Read and Write Tables From Impala With Talend

How to read and write tables from Impala without and with a Kerberized cluster with Talend.

Without Kerberos

Before you begin:

To follow this procedure, you must have a Repository containing the information of the Saagie platform. To this end, create a context group and define the contexts and variables required.

In this case, define the following context variables:

Name Type Value

IP_Impala

String

Your Impala IP address

Port_Impala

String

Your Impala port

Table_Impala

String

The Impala source table

BDD_Impala

String

The Impala working database

User_Impala

String

The Impala user authentication name

New_Table_Impala

String

The Impala target table

Password

Password

The Impala user account password

Once your context group is created and stored in the Repository, you can apply the Repository context variables to your jobs.

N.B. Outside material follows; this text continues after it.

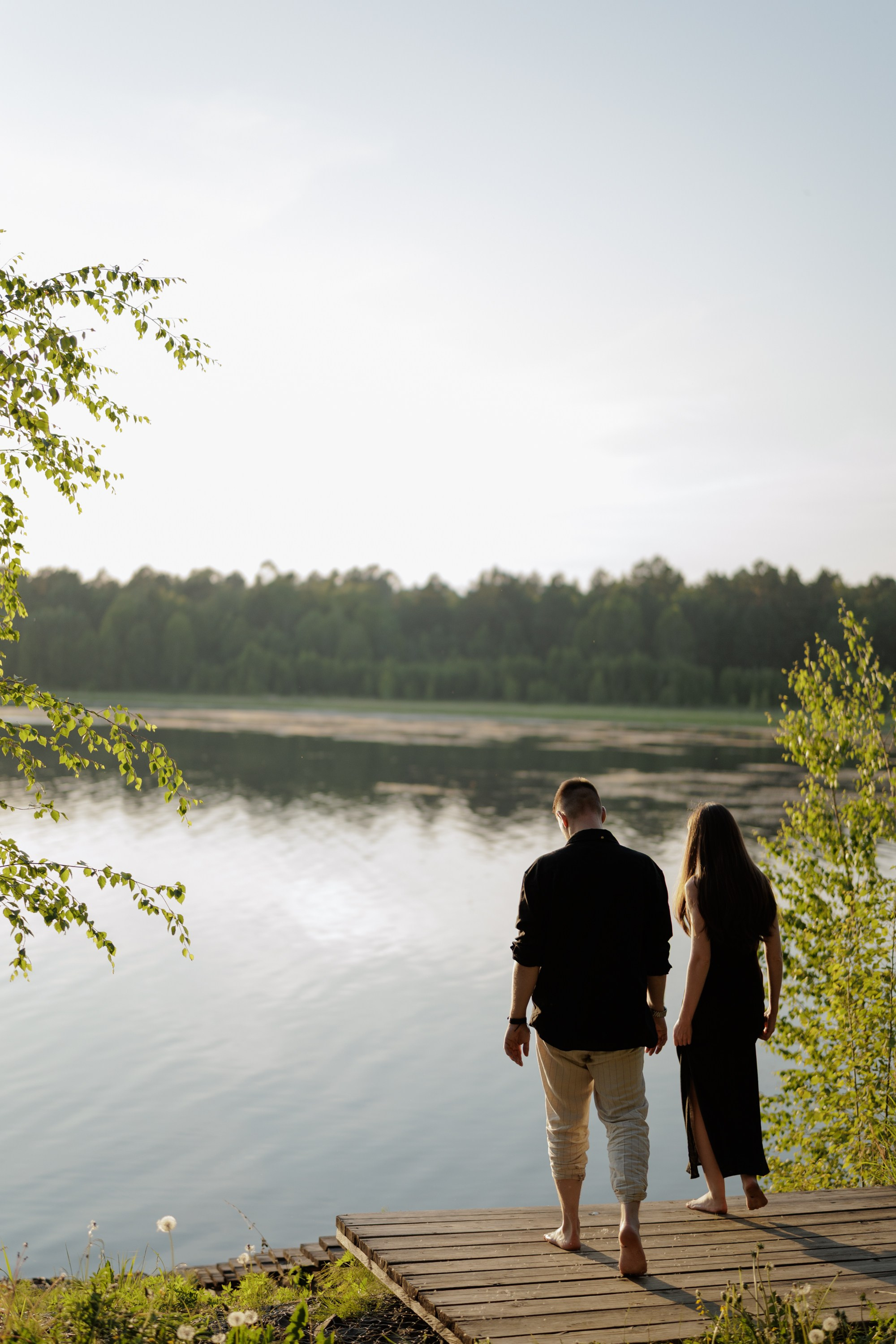 Рядом с тобой я стала лучше. Свадебный фотограф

For more information, read the whole section on Using contexts and variables on Talend Studio User Guide.

Read Tables

This tutorial is an example of how to count lines.

  1. Create a new job in Talend.

  2. Add the following components:

    • tImpalaConnection, to establish a connection to an Impala database to be reused by other Impala components in your job.

    • tImpalaInput, to execute the select queries to extract data from Impala and send the data to the following component.

    • tLogRow, to display the result.

  3. Link these components as follows:

    hive read table with talend
    The above example is with Hive components.
  4. Double-click each component and configure their settings as follows:

    • tImpalaConnection

    • tImpalaInput

    • tLogRow

    In the Basic settings tab:

    1. From the Property type list, select Built-in so that no property data is stored centrally.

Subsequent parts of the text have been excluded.